Top of Records provided

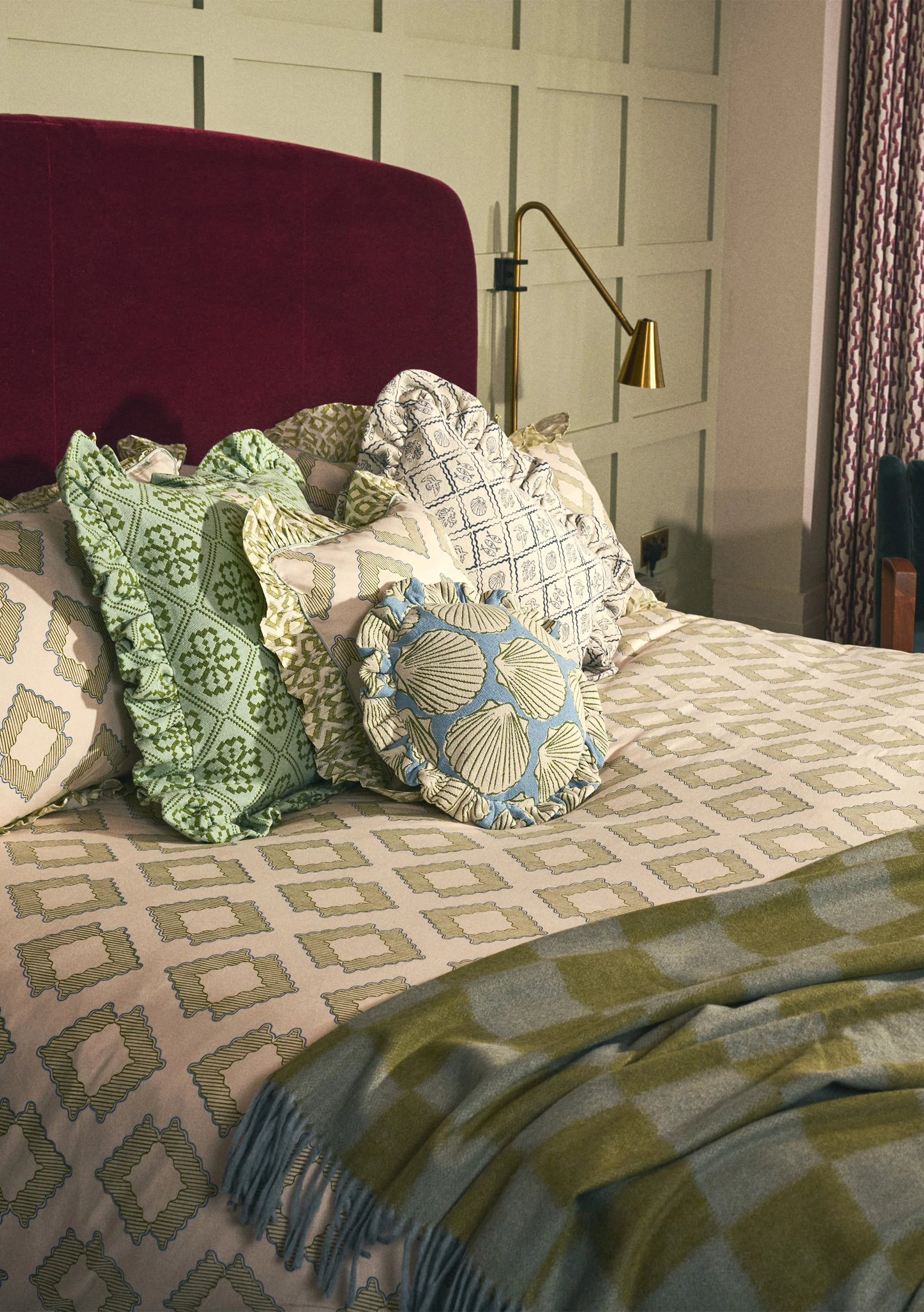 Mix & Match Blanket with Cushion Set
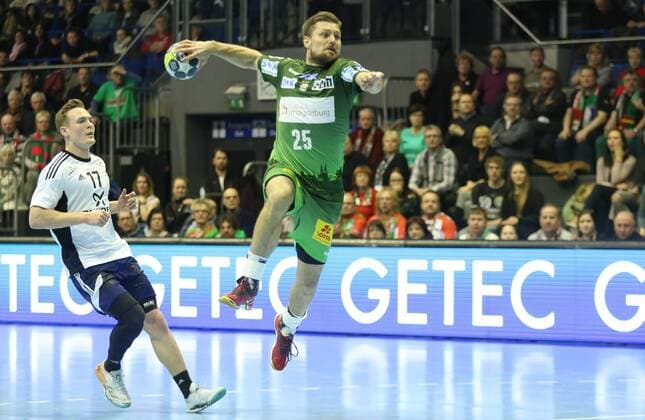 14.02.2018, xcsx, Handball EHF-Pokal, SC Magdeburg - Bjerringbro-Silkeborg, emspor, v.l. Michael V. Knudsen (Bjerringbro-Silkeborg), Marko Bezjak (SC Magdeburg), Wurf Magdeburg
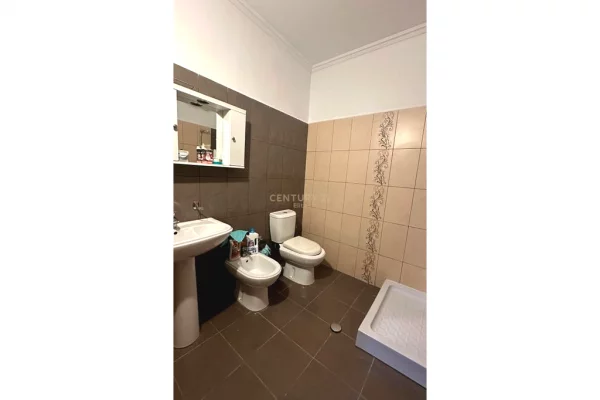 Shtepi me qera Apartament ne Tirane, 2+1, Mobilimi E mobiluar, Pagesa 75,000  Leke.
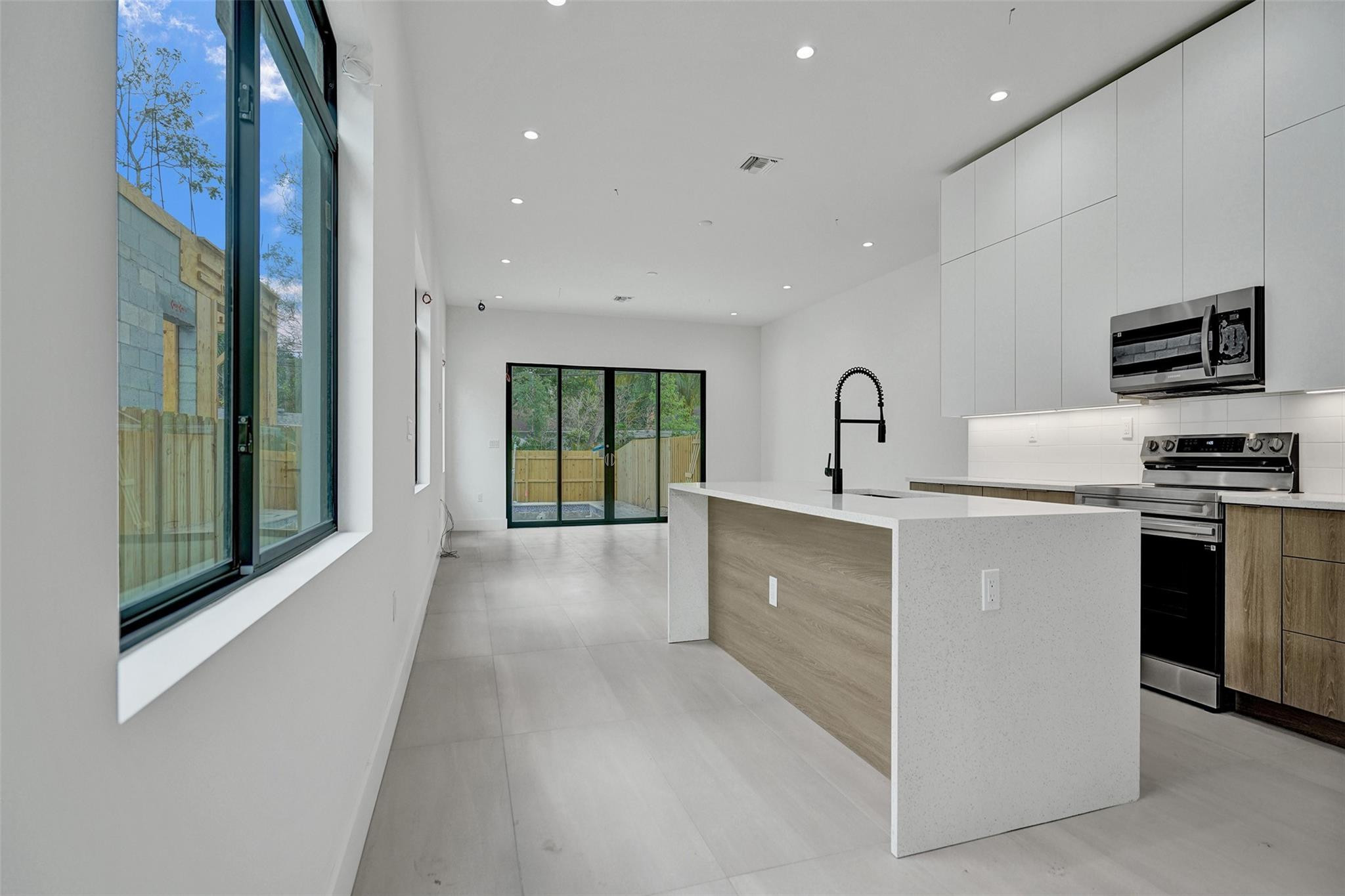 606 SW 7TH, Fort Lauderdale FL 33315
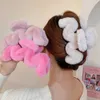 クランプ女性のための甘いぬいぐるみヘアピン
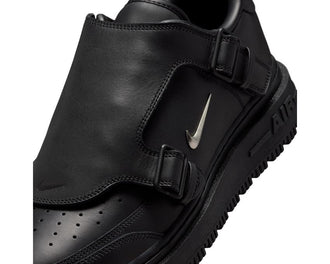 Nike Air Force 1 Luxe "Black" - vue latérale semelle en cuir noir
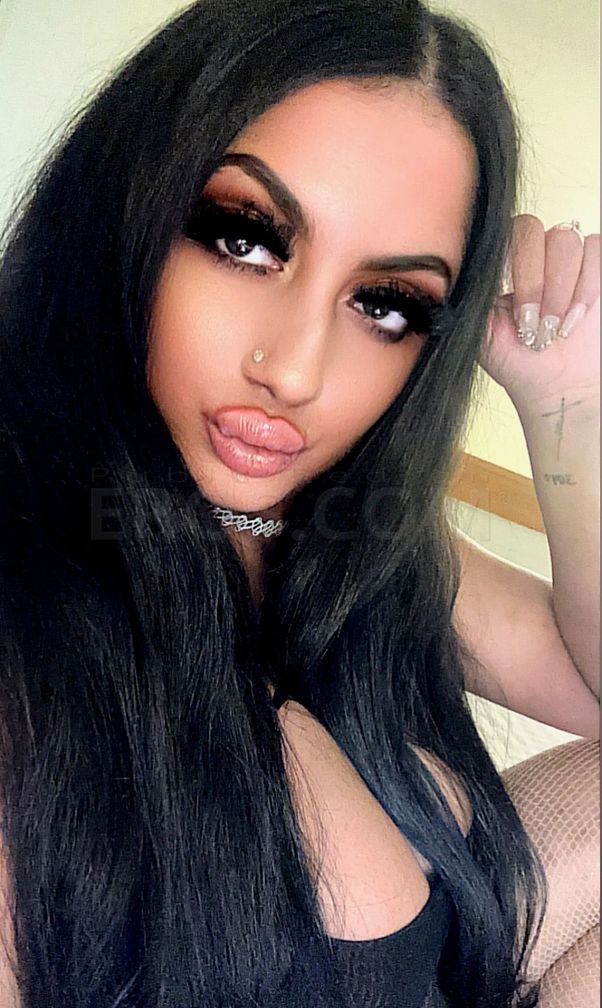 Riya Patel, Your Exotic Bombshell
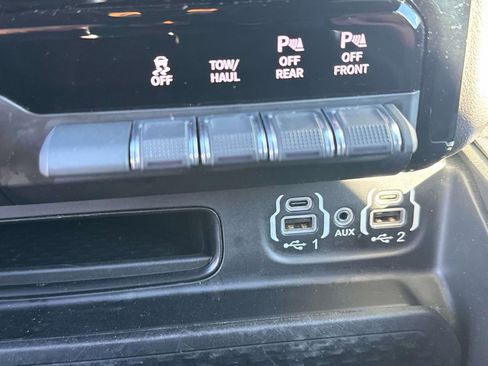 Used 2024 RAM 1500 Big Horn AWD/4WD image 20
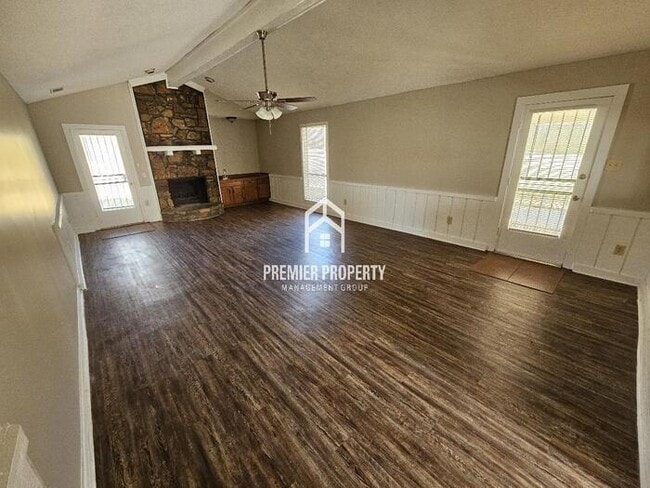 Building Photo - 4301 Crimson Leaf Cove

Bottom of Records provided

Action item> Set down word for word, from the line that contains "Nike Air Force" to the end of the listing above, every line and no picture.

Exercise result>
 Nike Air Force 1 Luxe "Black" - vue latérale semelle en cuir noir
 Riya Patel, Your Exotic Bombshell
 Used 2024 RAM 1500 Big Horn AWD/4WD image 20
 Building Photo - 4301 Crimson Leaf Cove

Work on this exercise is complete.